*YOUR GOAL*: Print the line containing "Four Seasons Holiday" and all lines after it, unchanged, through the end of the data. Leave the pictures out.

++++++++++++++++++++

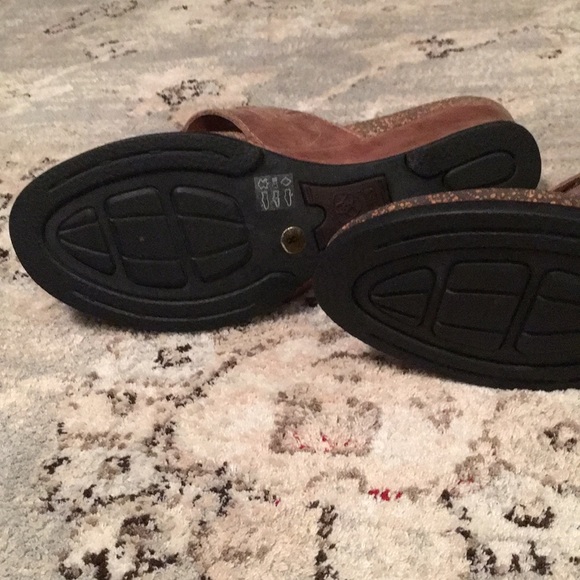NEW ARAIT LEATHER SANDALS - Picture 4 of 5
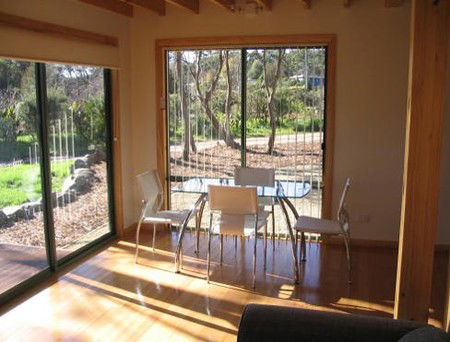 Four Seasons Holiday Cottages - Accommodation Brisbane 5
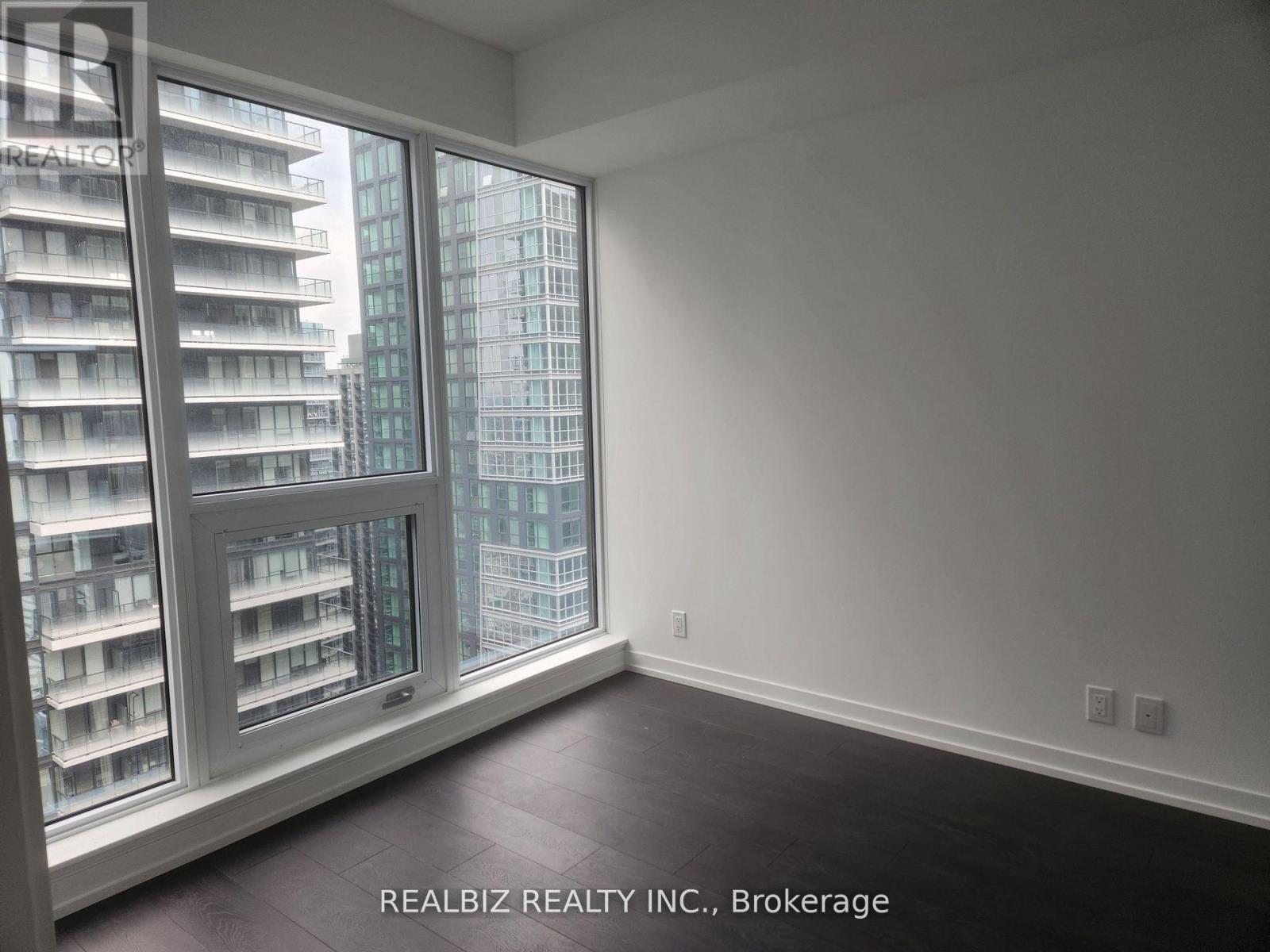 4708 - 55 Mercer Street, Toronto, Ontario  M5V 3W2 - Photo 3 - C12461835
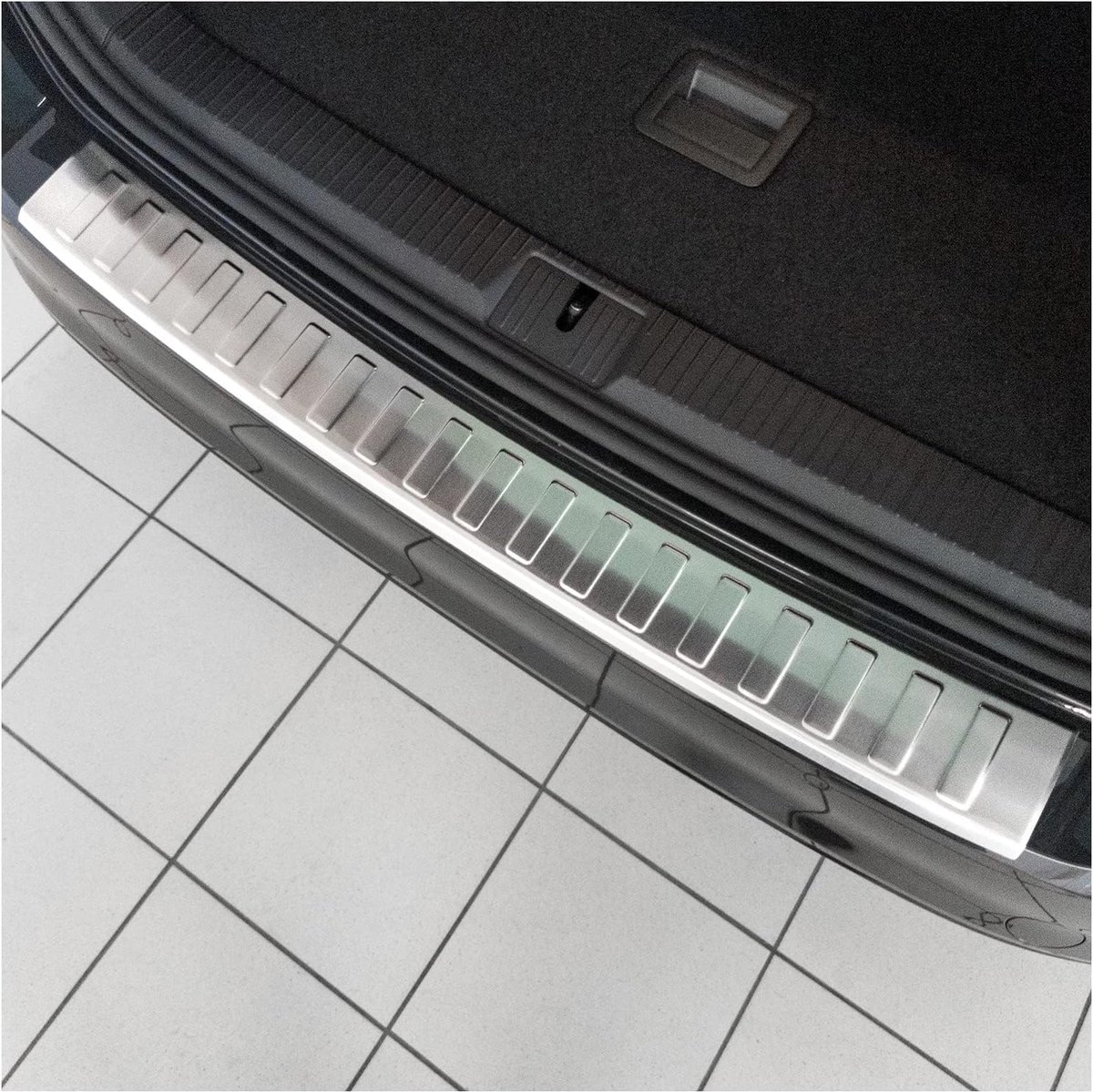 Teileplus24 Achterbumperprotector voor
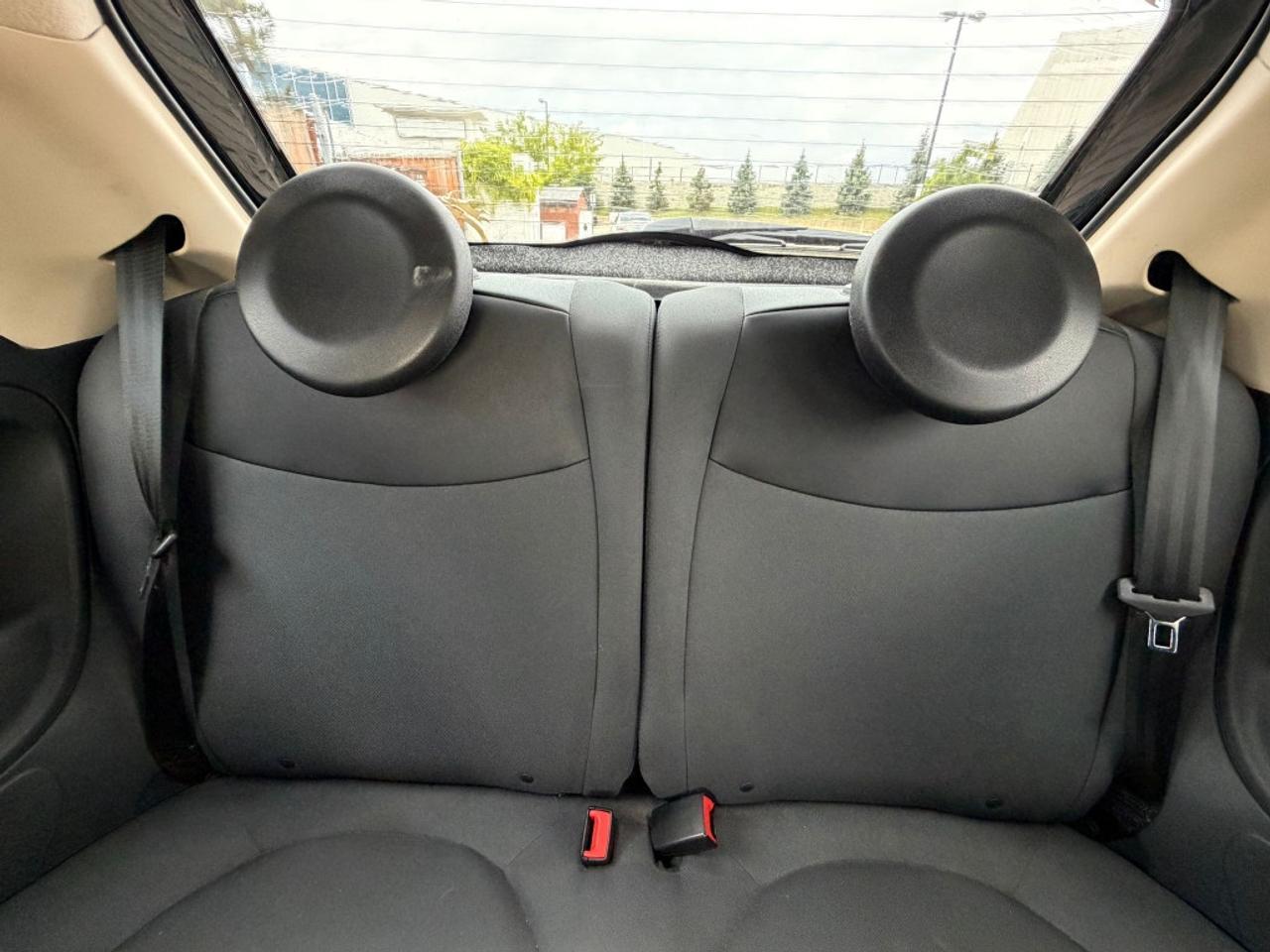 2017 Fiat 500 Pop Hatchback Photo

++++++++++++++++++++

*TASK OUTPUT*:
 Four Seasons Holiday Cottages - Accommodation Brisbane 5
 4708 - 55 Mercer Street, Toronto, Ontario  M5V 3W2 - Photo 3 - C12461835
 Teileplus24 Achterbumperprotector voor
 2017 Fiat 500 Pop Hatchback Photo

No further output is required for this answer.